Liverpool, June 5th, 1857. In response to your note of 2nd instant, I beg leave to say that I entirely accept your statement as to the originality and early date of your own convictions regarding the authorship of the Shakespeare Plays, and likewise as to your ignorance of Miss Bacon's prior publication on the subject. Of course, my imputation of unfairness or discourtesy on your part falls at once to the ground, and I regret that it was ever made.
My mistake was perhaps a natural one, although unquestionably the treatment of the subject in your Letter to the Earl of Ellesmere differs widely from that adopted by Miss Bacon. But as I knew that a rumour of her theory had been widely, though vaguely circulated, for some years past, on both sides of the Atlantic, and also that she had preceded you in publication, it really never occurred to me to doubt that, at least, some wandering seed had alighted in your mind, and germinated into your pamphlet. Under urgent circumstances, I had taken upon myself to write a few prefatory and explanatory words for my countrywoman's book.

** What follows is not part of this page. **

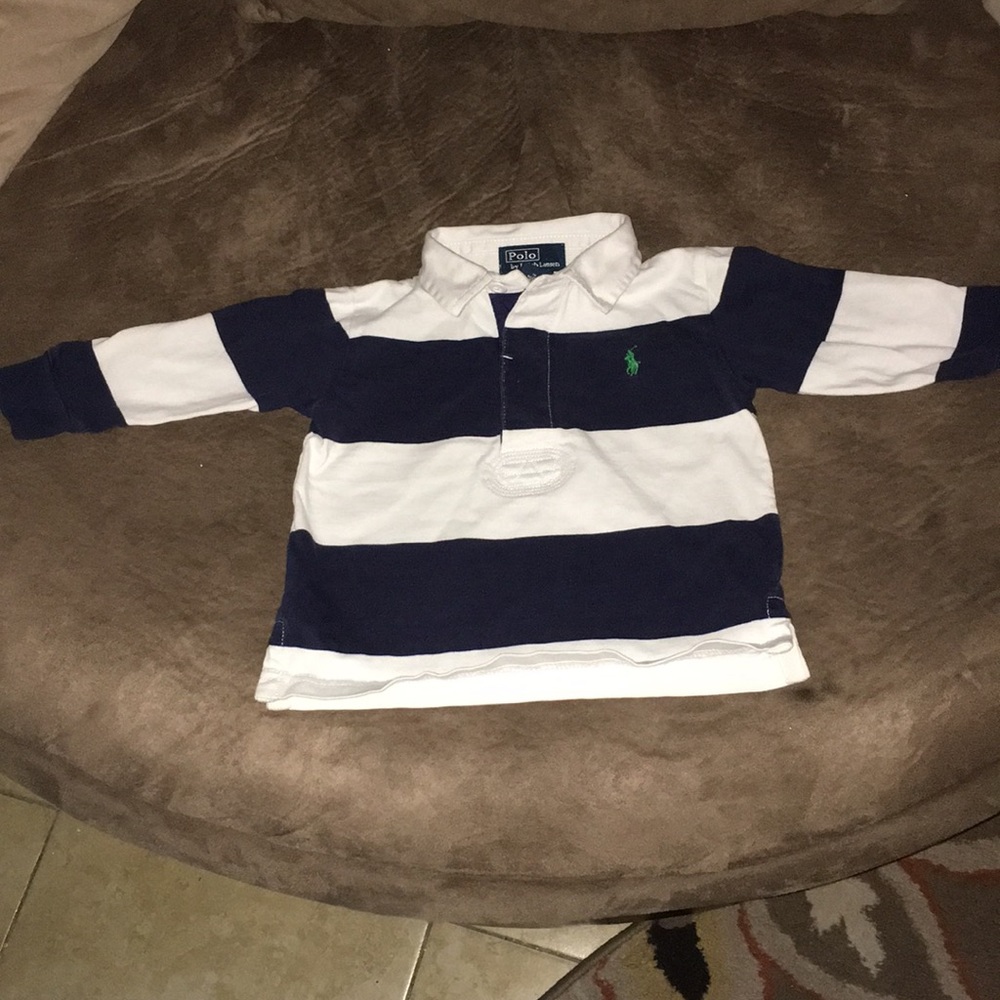 Ralph Lauren Polo shirt Sz 12m classic blue/white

It was impossible to avoid some allusion to your
pamphlet; and I made such reference as seemed due to an attempt to take an easy advantage of a discovery (allowing it to be such) on which Miss Bacon had staked the labour and happiness of her life, and to develop which she had elaborated a very remarkable work.

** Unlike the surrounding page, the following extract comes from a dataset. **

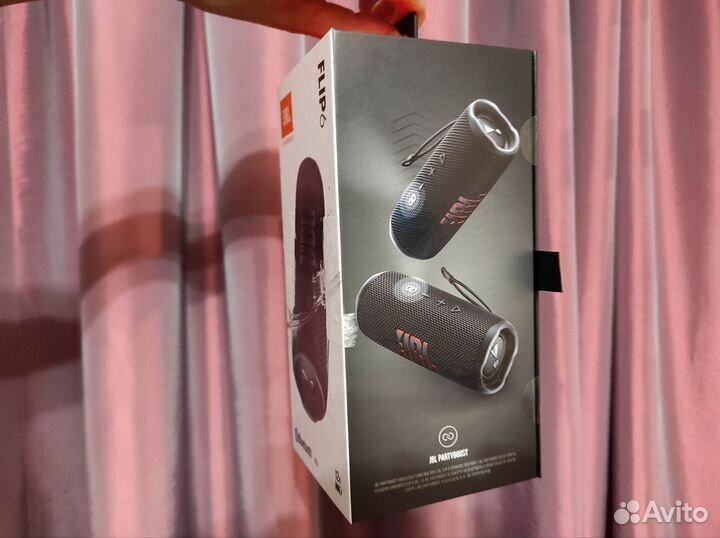 Беспроводная акустика JBL flip6 BLK Black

I now see that my remarks did you great injustice, and I trust that you will receive this acknowledgment as the only reparation in my power.
Your obedient Servant,
Sir FRANCIS Bacon notes, amongst the impediments of knowledge, that
"He that delivereth knowledge, desireth to deliver it in such form as may be soonest believed, and not as may easiliest be examined.

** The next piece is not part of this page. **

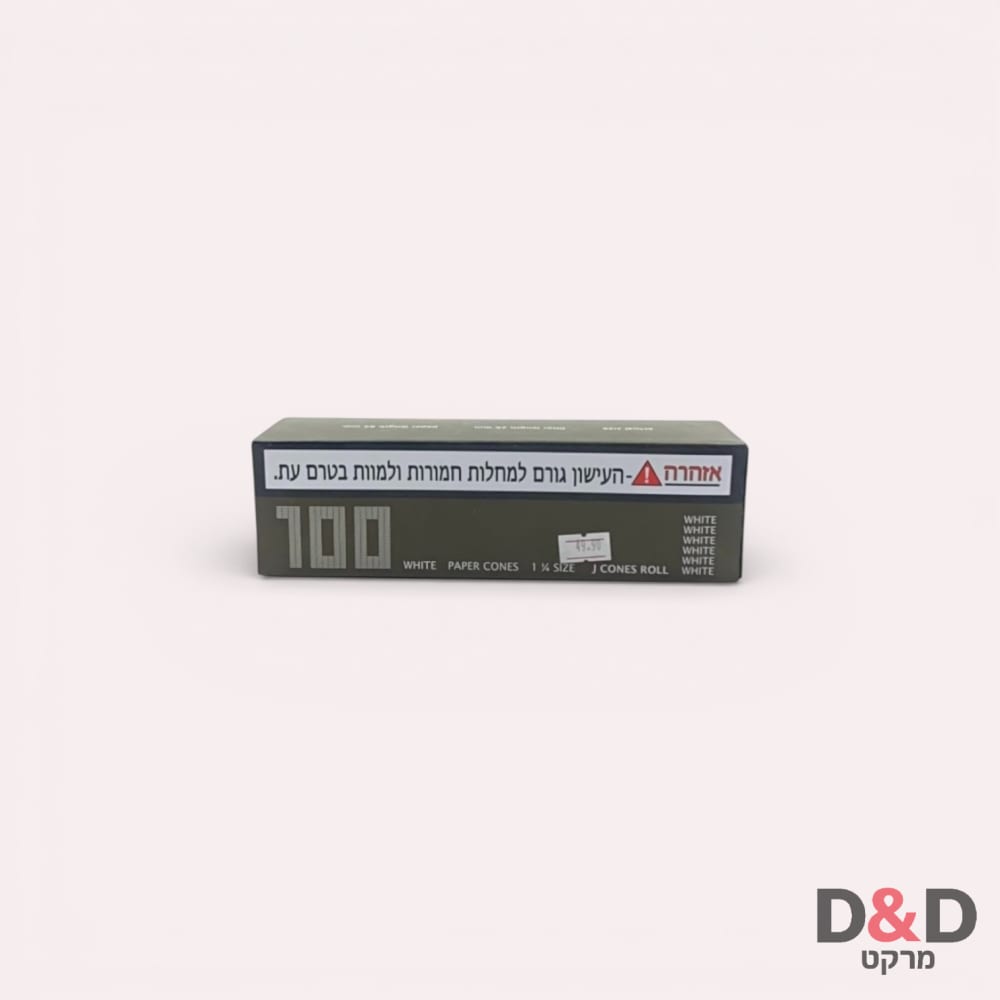 קונוסים מוכנים מדיום 1/4 | Medium | נייר לבן | 100 יח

“He that receiveth knowledge, desireth rather present satisfaction than expectant search, and so rather not to doubt, than not to err.
“Glory maketh the author not to lay open his weakness, and sloth maketh the disciple not to know his strength.”
WILLIAM SHAKESPEARE's is indeed a negative history.
Of his life, all that we positively know is the period of his death.
We do not know when he was born, nor when, nor where, he was educated.
We do not know when, or where, he was married, nor when he came to London.
We do not know when, where, or in what order, his plays were written or performed; nor when he left London.
He died April 23rd, 1616.
BACON AND SHAKESPEARE.
TOWARDS the end of the sixteenth, and at the beginning of the seventeenth century, that is, prior to the year 1611, a number of plays, tragedies, comedies, and histories, of various degrees of merit, were produced, of which William Shakespeare was reported to be the author, and which undoubtedly were, in some way, the property of the company
of actors of which he was an active member.
No one single manuscript has ever been found to identify Shakespeare as the author of these productions; nor is there, among all the records and traditions handed down to us, any statement that he was ever seen writing or producing a manuscript; nor that he ever claimed as his own any of the excellent, or repudiated (as unworthy of him) any of the worthless, productions presented to the public in his name.